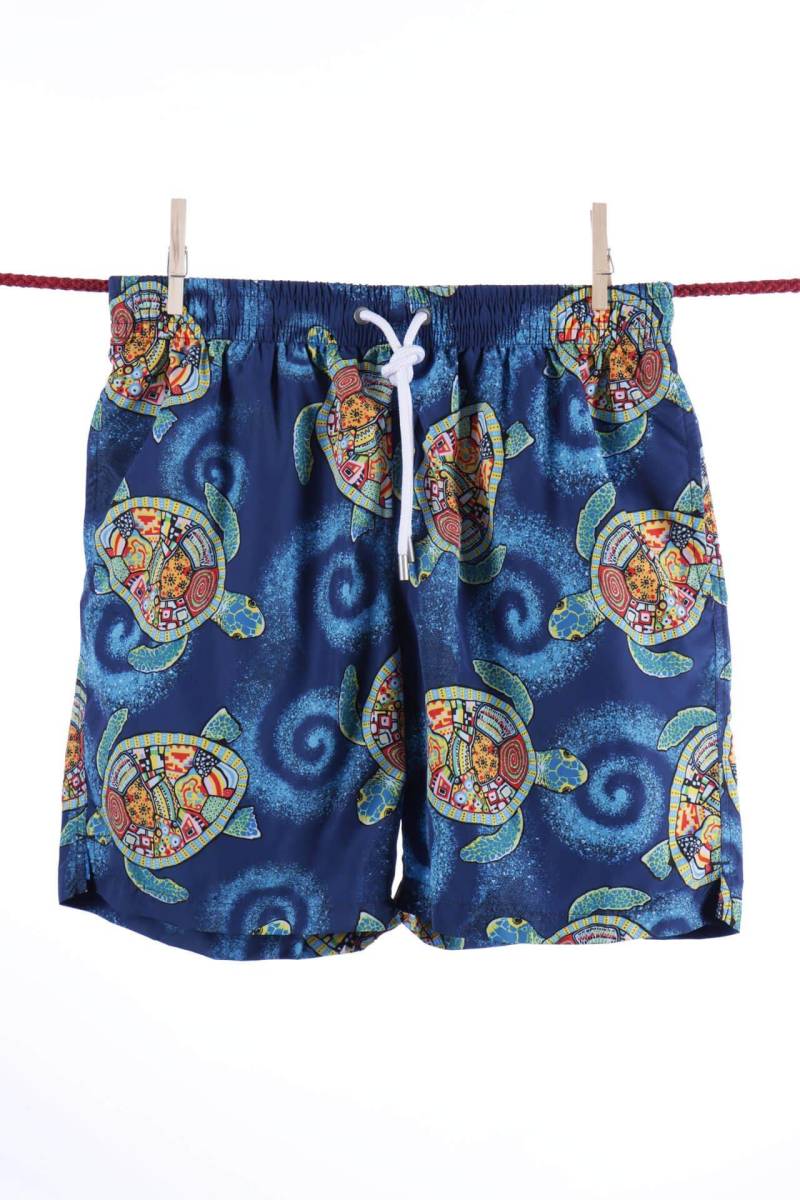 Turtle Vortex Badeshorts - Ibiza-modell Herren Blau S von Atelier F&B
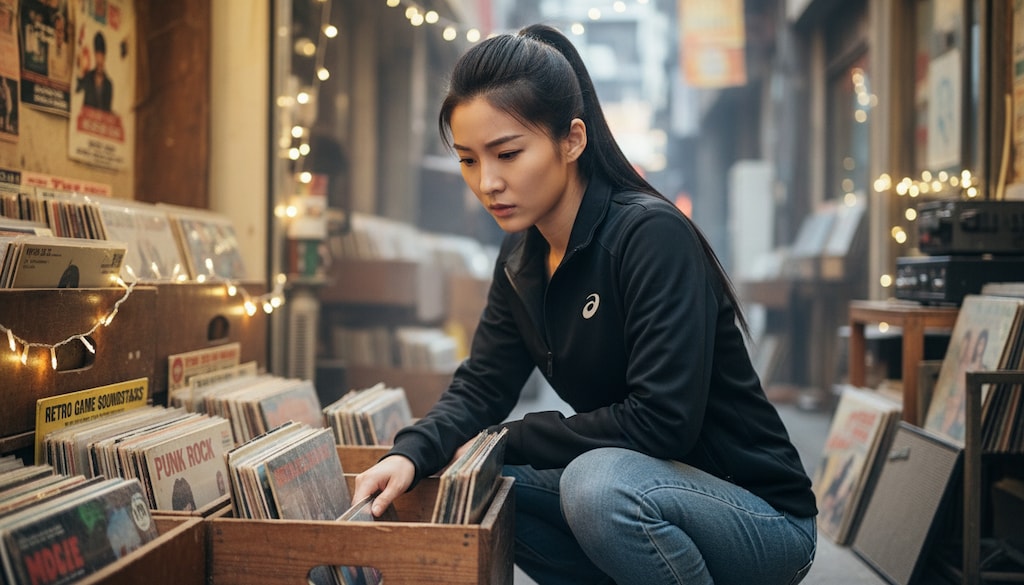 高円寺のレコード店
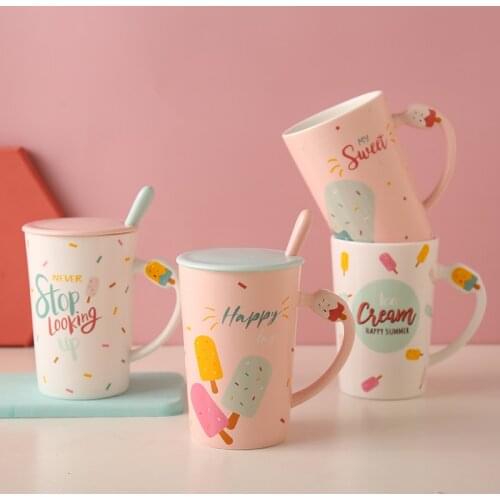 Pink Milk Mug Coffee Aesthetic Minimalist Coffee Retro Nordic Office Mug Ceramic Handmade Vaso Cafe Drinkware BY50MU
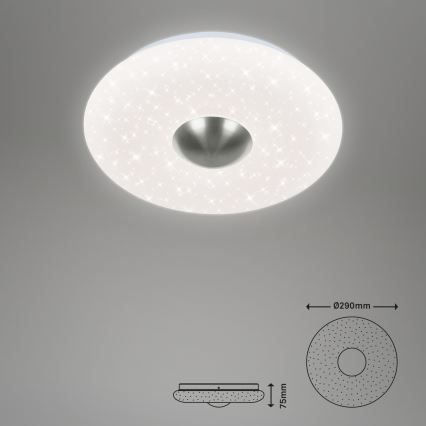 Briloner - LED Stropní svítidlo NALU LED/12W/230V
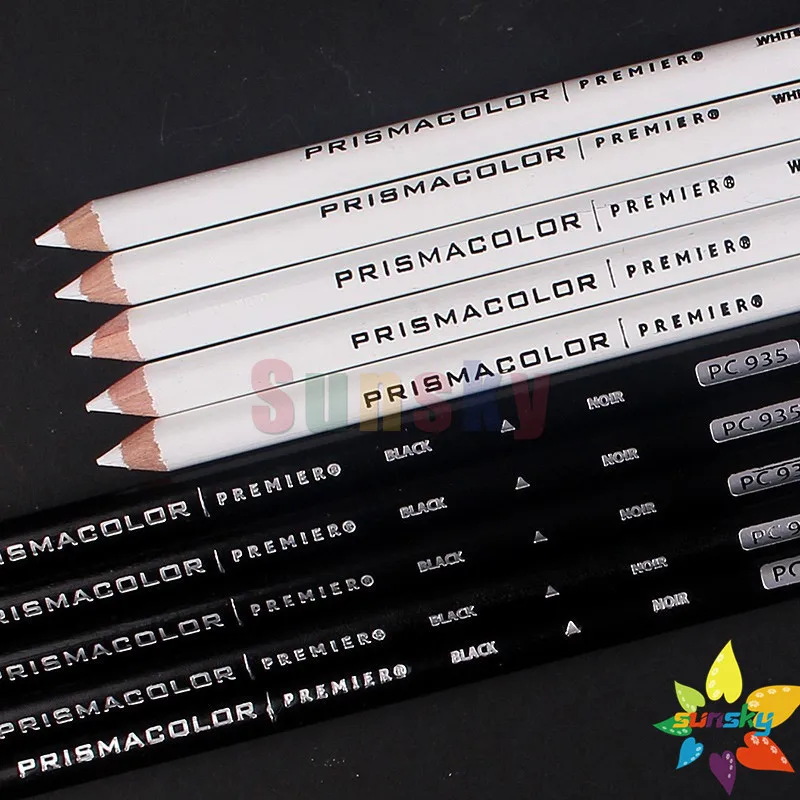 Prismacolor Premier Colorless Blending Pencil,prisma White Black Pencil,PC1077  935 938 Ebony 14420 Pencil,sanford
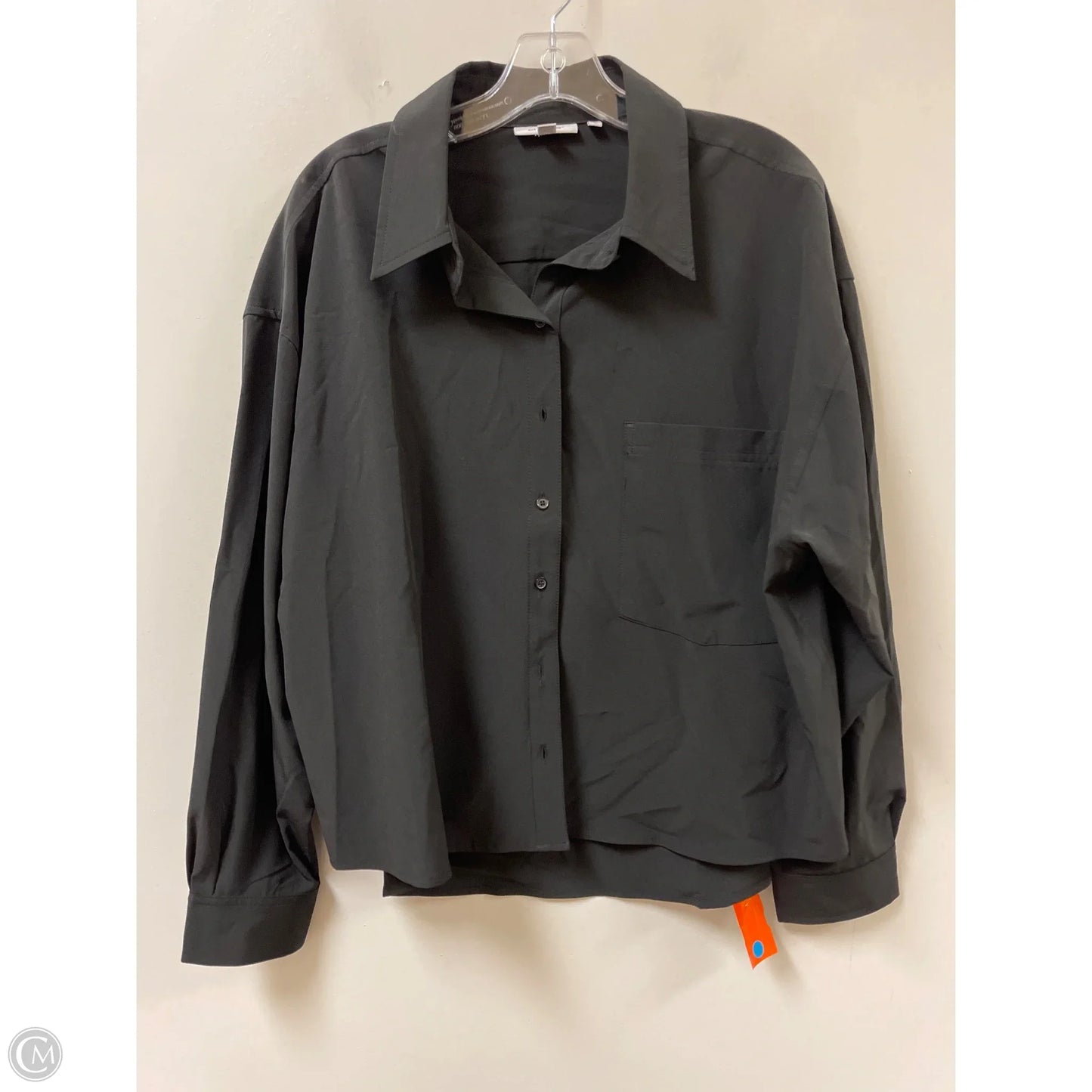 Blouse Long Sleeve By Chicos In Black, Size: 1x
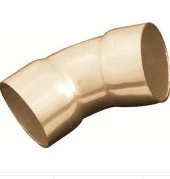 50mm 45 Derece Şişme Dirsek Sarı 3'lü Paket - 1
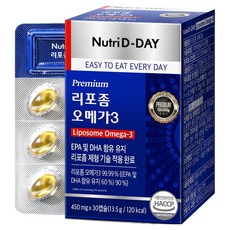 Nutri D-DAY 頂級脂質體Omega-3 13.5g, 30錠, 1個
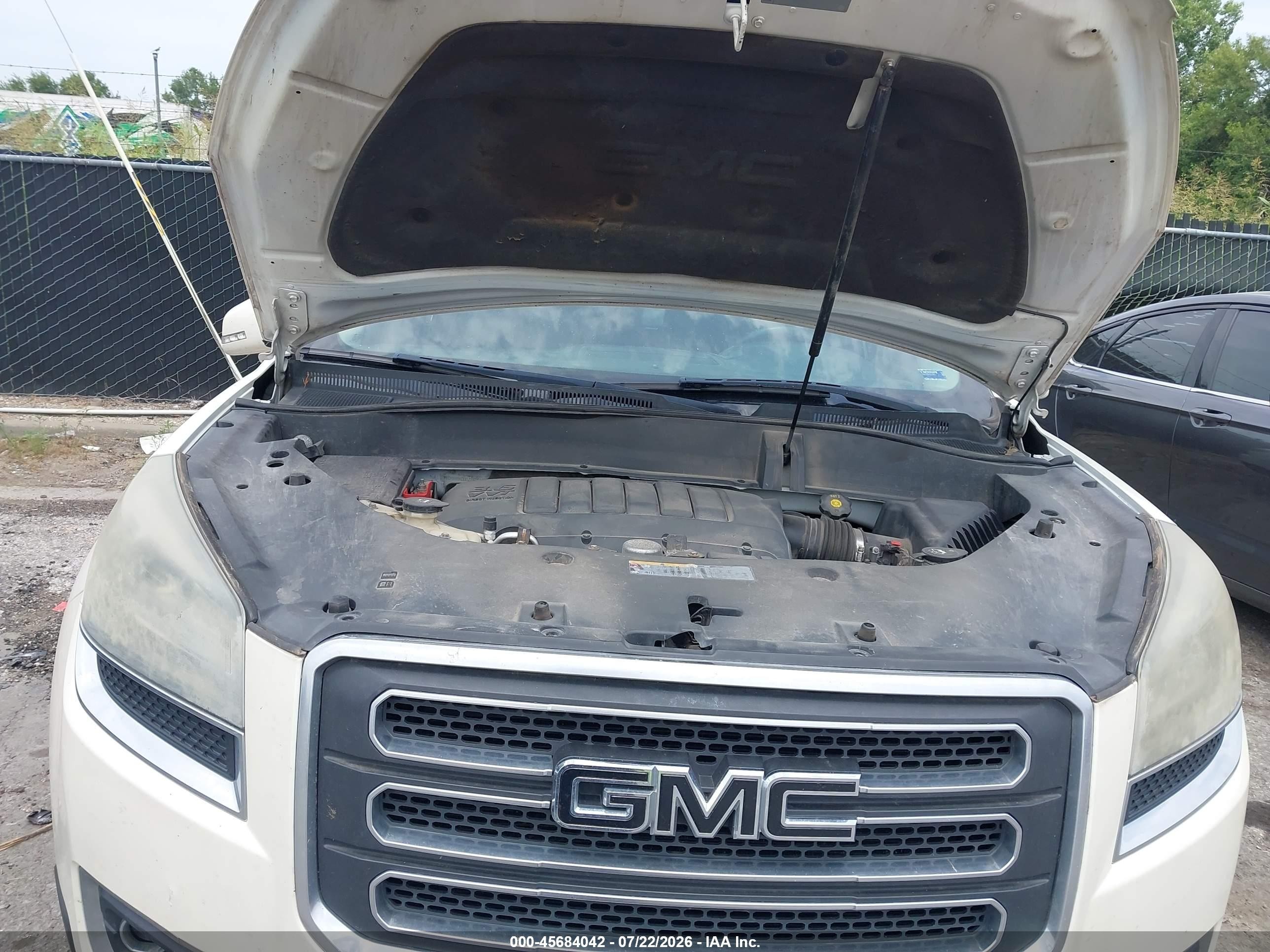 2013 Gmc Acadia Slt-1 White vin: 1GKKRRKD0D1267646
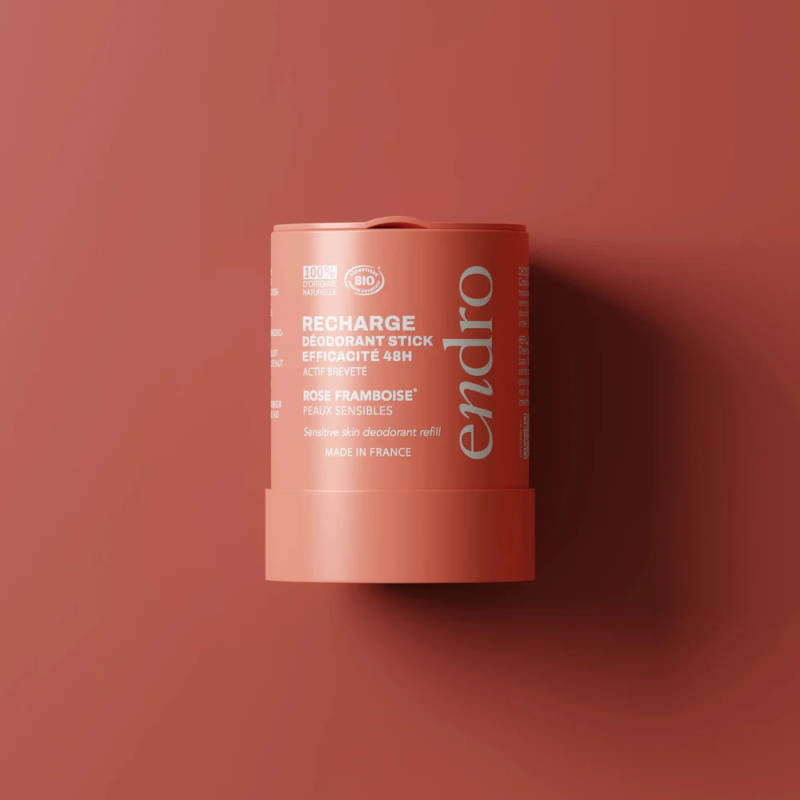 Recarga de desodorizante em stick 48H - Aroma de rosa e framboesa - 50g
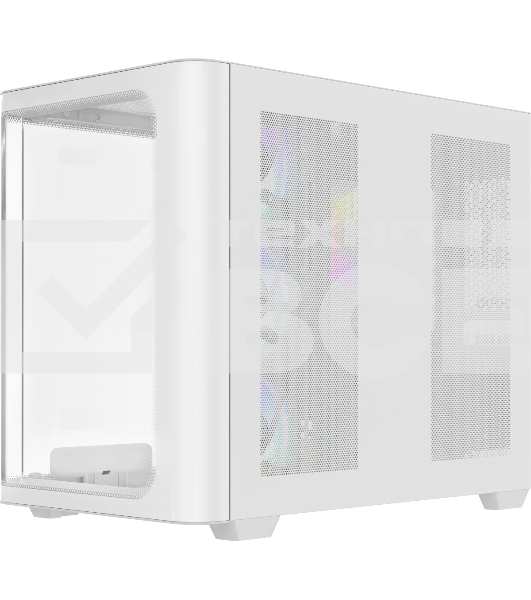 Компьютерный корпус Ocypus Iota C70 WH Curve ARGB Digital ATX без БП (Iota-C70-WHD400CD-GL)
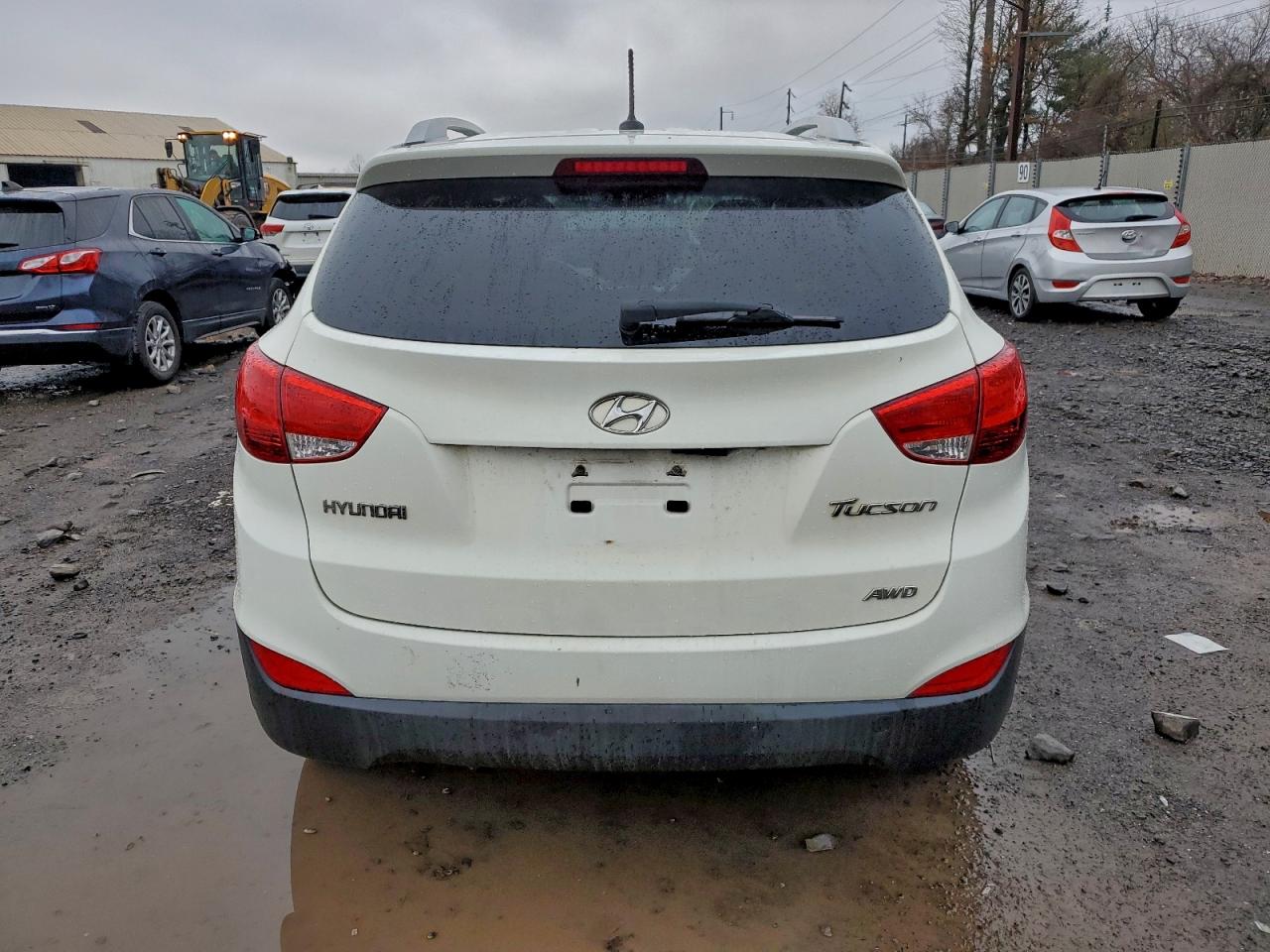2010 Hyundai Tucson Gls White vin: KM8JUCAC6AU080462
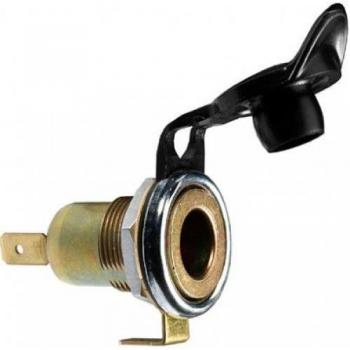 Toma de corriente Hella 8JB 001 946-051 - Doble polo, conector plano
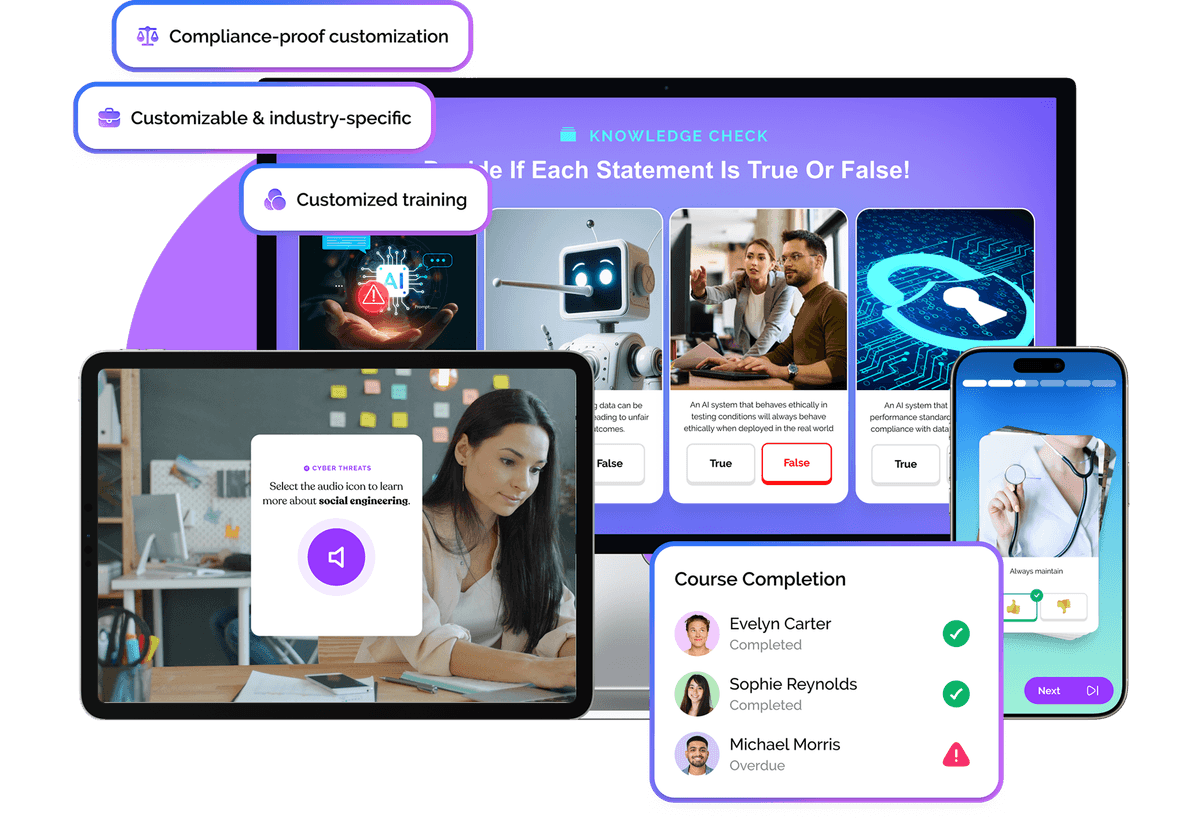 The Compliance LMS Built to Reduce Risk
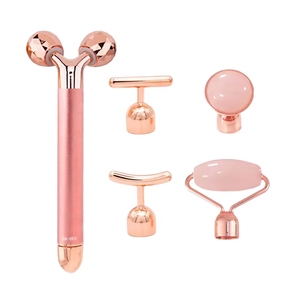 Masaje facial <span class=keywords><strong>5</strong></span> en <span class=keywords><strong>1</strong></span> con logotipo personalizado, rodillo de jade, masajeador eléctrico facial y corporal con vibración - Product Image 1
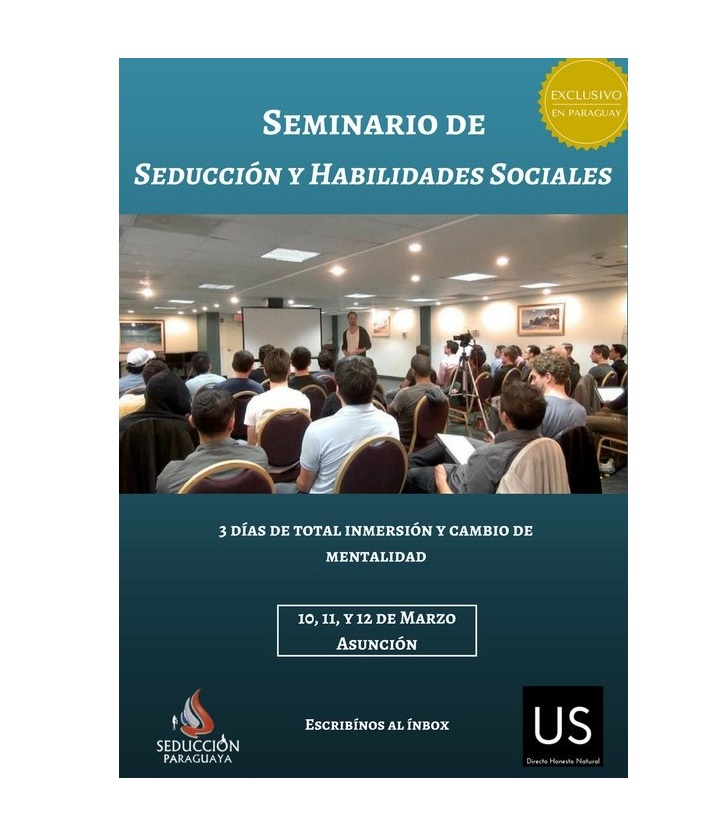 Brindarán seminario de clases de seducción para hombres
··········
TASK TO CARRY OUT
Your copy should hold only the lines from the line with "Компьютерный корпус Ocypus" through the end of the data above, both ends included, transcribed exactly and without pictures.

RESPONSE AREA
 Компьютерный корпус Ocypus Iota C70 WH Curve ARGB Digital ATX без БП (Iota-C70-WHD400CD-GL)
2010 Hyundai Tucson Gls White vin: KM8JUCAC6AU080462
 Toma de corriente Hella 8JB 001 946-051 - Doble polo, conector plano
 The Compliance LMS Built to Reduce Risk
 Masaje facial <span class=keywords><strong>5</strong></span> en <span class=keywords><strong>1</strong></span> con logotipo personalizado, rodillo de jade, masajeador eléctrico facial y corporal con vibración - Product Image 1
 Brindarán seminario de clases de seducción para hombres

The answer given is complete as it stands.